Welcome on our blog !

Dear teacher and classmates,

As explained during the English class, our project for this semester is about the exhibition "From One Revolution to Another" ("D’une revolution à l’autre"), curated by the artist Jeremy Deller at Le Palais de Tokyo. Your answers to our questionnaire showed that you would be interested in visiting this exhibition with us. This outing will take place on Friday, 12th December, 2009 at 6 pm after the class.

By the way, we can tell you more about the organization of this event. Thinking of you and guided by the original shape of the exhibition, we decided to avoid the classic “guided tour” which could be exhausting. Actually, our aim is to point some details in order that you construct your interpretation by yourself. That is why we have prepared a playful quiz that we will give you on the spot. Furthermore, we are preparing audio files, that you will be able to download in few days. These podcasts will give you more indications by our own voices.

Through this first contact by our blog, we also take the opportunity to introduce you to the way we will use it. This blog will serve as an interface between you and us. Indeed, we will post articles related to the social, historical and cultural background of this unusual exhibition. In your turn, you will have the possibility to enrich the content of the blog by writing comments, notably with your feed-back after the visit of the exhibition. It should be a productive way to share ideas. And we are sure that topics like popular culture and cultural revolution would inspire you!

We would be glad to see you in great number at Le Palais de Tokyo!

Let’s make this blog alive!

Laura, Romain, Emilie, Anna and Aurélien.

From one revolution to another : five rooms

1995-2000 Folk archive
The first room “The folk archive” is a documentary fund, collected by Jeremy Deller and Alan Kane. This is rather an ethnological collection of creative practices and tradition, some of which are really ancient. It witnesses in its own way the British popular cultural identity.

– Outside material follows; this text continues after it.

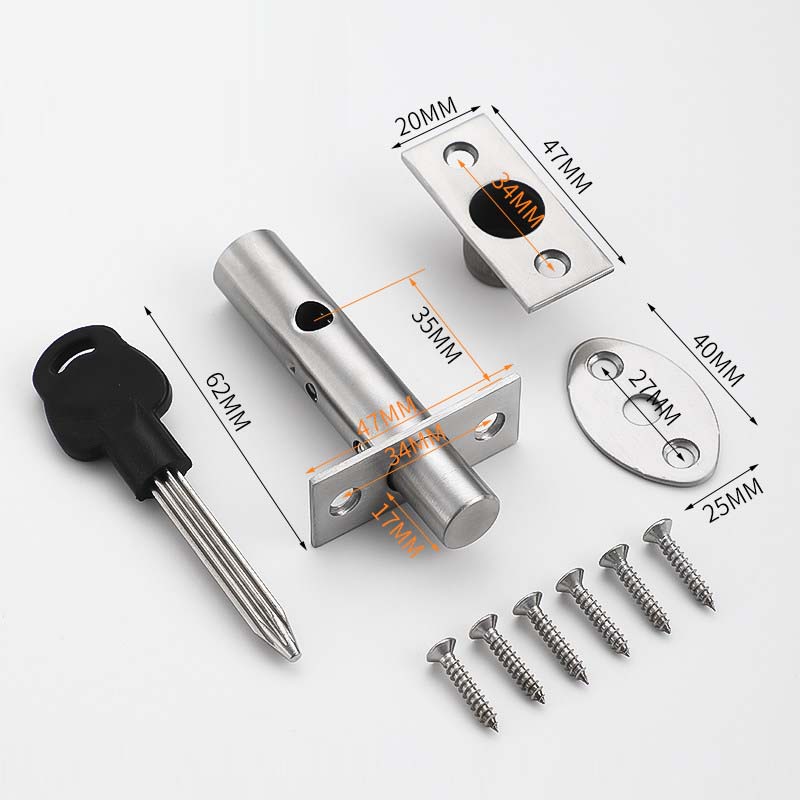 Home Security Youtube - 1 szt. Zamek do drzwi ukryty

1998 - 2008 Ed Hall’s Banners
The second room presents a collection of banners painted and embroidered for different associations by Ed Hall, an architect involved in social movements. These banners tell in a particular manner the 30 last years of British history viewed by minorities and social concerns they defend. Ed Hall has selected by himself the banners which he has lent for this exhibition.

William Scott. Good Person
This section presents the William Scott’s urban planning project that would see San Francisco rebuilt as a new city named “Praise Frisco” and a series of portrait works which depict himself, his family and members of his local church. William Scott works at Creative Growth Art Centre (USA) that is an art workshop that serves a community of adult artists with mental, physical and developmental disabilities.

1962-2001 The beginning of the rock in France (in collaboration with Marc Touché)
Two collections are presented in this room. The first is an archive of Golf Drouot, an emblematic place for the birth of rock in France. The second collection is the archive of a rehearsal studio of an amateurish rock group Against You. Both archives are a kind of contemporary archaeology that allows determine social appurtenance of members of the group.

1917-1939 Sound in Z (Matt Price and Andrey Smirnov)
This section presents documents, photographs and visuals which are linked with archives of Theremin Centre in Moscow, a centre of researches that linked the physical aspect of acoustic and the musical sciences. The aim of this archive is to restore the history and the culture of this “artistic utopia” of 1910-1920 which was destroyed in confrontation with the soviet authorities.

1760-2008 All that is solid melts into air (with Scott King)
The title of the exposition is a citation from the Communist Manifest. This section put together a lot of objects and witnesses of the period between 1760 and 2008. Some of them are representative of the state of industrial development in Victorian Great Britain and enthusiastic artist’s attitude toward it. Another part of the documents demonstrate relations of transition and consequence that could be established between the industrial revolution and the cultural one, which is the appearance of the rock music.